Problem to solve
Examine the records and identify each line that includes the string "white". Copy those lines.

Given entries
- - - -

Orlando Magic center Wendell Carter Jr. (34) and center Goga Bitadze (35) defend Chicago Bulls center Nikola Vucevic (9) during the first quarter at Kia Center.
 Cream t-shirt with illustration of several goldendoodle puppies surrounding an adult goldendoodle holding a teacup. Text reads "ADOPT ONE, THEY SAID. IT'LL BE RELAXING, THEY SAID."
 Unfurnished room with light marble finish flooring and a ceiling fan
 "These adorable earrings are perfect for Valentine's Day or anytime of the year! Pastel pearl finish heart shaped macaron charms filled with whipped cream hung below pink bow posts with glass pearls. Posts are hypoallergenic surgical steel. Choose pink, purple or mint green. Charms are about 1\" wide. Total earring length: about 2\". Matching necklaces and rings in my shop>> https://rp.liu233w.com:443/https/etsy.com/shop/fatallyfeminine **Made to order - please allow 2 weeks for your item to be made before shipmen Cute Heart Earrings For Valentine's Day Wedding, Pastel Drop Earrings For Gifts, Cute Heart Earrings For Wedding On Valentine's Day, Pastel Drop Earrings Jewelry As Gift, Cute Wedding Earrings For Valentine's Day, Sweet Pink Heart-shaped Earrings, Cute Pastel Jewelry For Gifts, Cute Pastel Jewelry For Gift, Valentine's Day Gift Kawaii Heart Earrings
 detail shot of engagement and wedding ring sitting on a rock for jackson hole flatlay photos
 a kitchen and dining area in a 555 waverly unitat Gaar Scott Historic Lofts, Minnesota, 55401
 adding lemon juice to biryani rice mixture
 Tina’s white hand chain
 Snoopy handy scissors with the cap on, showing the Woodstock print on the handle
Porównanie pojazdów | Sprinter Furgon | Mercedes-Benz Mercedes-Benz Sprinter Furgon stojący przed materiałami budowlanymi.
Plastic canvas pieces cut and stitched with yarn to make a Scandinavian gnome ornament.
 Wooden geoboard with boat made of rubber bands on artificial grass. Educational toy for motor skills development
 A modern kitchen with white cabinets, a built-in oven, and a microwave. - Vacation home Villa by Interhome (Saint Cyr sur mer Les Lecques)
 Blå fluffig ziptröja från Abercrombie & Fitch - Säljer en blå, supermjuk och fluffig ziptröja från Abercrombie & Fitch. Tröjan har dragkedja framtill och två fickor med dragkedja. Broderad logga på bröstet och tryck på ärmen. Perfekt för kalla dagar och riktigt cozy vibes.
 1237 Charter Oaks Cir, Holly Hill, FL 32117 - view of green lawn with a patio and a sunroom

- - - -

Answer for the task
 Tina’s white hand chain
 A modern kitchen with white cabinets, a built-in oven, and a microwave. - Vacation home Villa by Interhome (Saint Cyr sur mer Les Lecques)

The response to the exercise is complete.